Moving into high school I realized that nice people actually exist, but I still had trouble communicating to them and trusting them. This one girl was the first person I really connected to. I bugged her so much, I’m not sure how she tolerated it, and spent a lot of time with her. And it really only took one day for the feelings to change from friendship to, boom, head over heels butterflies in my stomach puppy love. I was confused and scared because I had never ever liked a girl that much before. At first I thought, “Am I gay,” but came to the conclusion that I had a crush on this one guy in my art class. I then assumed I was bisexual but for some reason I didn’t think that really defined how I felt well. Then I found pansexuality. I was so happy to finally know what I was and started to accept myself after seeing so many other LGBT people in the media I watched (YouTube).
I came out to my mom, dad, and sister all at once. I was not even planning it at all, and this is basically how it went. My mom and sis were sitting in the living room talking about my sister’s many boyfriends when I entered the conversation. My sis turned to me, asking “When are you going to get a boyfriend?” I just shrugged. Honestly I just didn’t feel like dating at the time. And then she tilted her head and said “Maybe a girl friend?” And I don’t know what happened, but I went 100% queer mode and was like “Yeah maybe.” My mom asked if I was gay and I said I was pan and my sister explained to my mom, and my dad walked by saying “Ok, cool.”

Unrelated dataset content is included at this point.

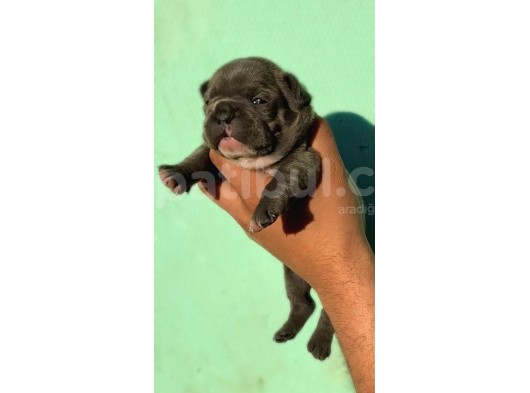 Blue French Bulldog Bebeklerimiz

That was pretty much it. I have since then come out to my auntie and one of my cousins, as well as to one of my friends who I used this line to come out to: “Let’s get one thing straight. I’m not.”

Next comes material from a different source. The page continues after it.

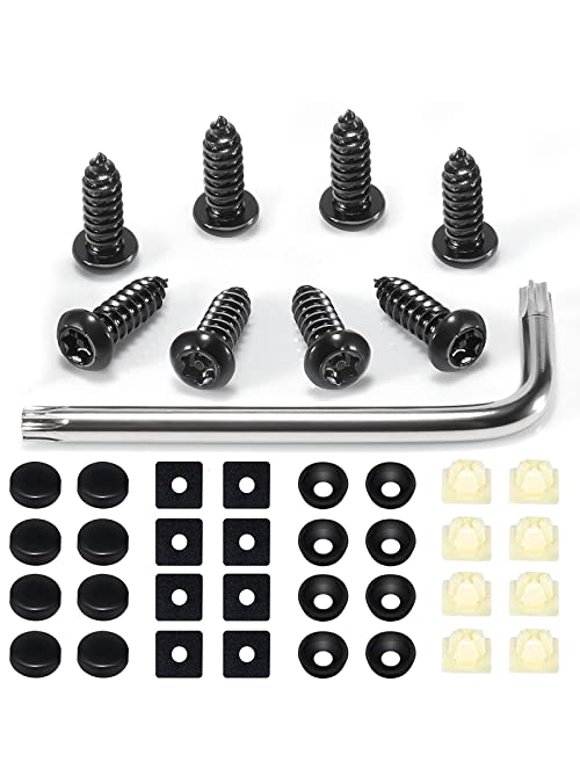 License Plates Screws in Screws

It’s been easier to let myself be proud of who I am but I feel my family is still slightly heteronormative towards me, and I see my dad cracking some slightly offensive gay jokes, but recently he expressed his distaste for the laws that were put in place in Mississippi and North Carolina in the states, so that makes things much better. I hope in the future I can come out to more friends and family down the road and be a full-blown pan person with one less fear to live by.